● GOAL OF THE EXERCISE
Pictures stay out; print the rest of the listing below exactly as it stands.

● DATA SECTION
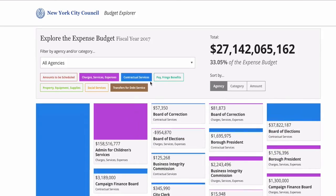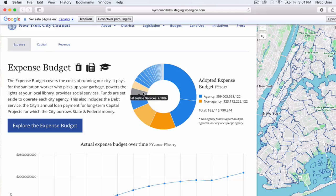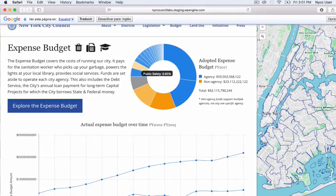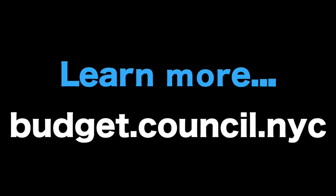Learn more about how much it costs to make New York City run. Visit budget.council.nyc.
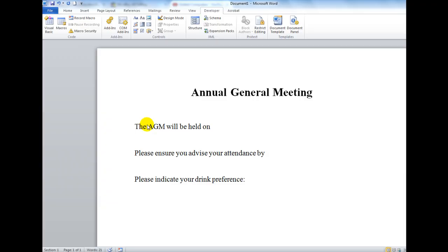Good morning, good afternoon, or good evening wherever you might be watching. Let's today look at some content controls — I can see this group here in the developer tab.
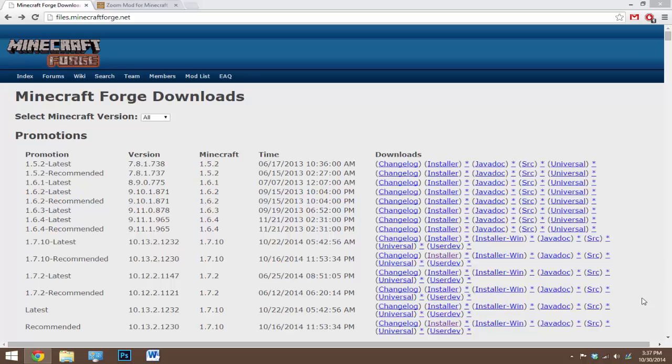Now what you want to do is click on the link in the description to go to the Forge website. Forge is a mod installer and once you have it on your Minecraft launcher, it will install any mod that you download. So this is the base of all mods.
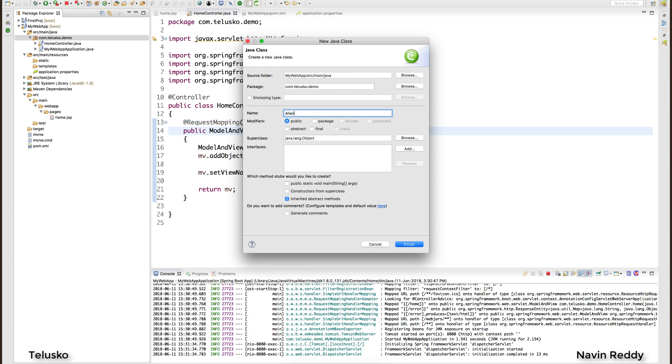Now of course when I say alien it simply means that someone who is working in a virtual world. So basically we are programmers and we work in virtual world, that's why I refer to programmers as aliens.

● SOLUTION TO THIS PROBLEM
Learn more about how much it costs to make New York City run. Visit budget.council.nyc.
Good morning, good afternoon, or good evening wherever you might be watching. Let's today look at some content controls — I can see this group here in the developer tab.
Now what you want to do is click on the link in the description to go to the Forge website. Forge is a mod installer and once you have it on your Minecraft launcher, it will install any mod that you download. So this is the base of all mods.
Now of course when I say alien it simply means that someone who is working in a virtual world. So basically we are programmers and we work in virtual world, that's why I refer to programmers as aliens.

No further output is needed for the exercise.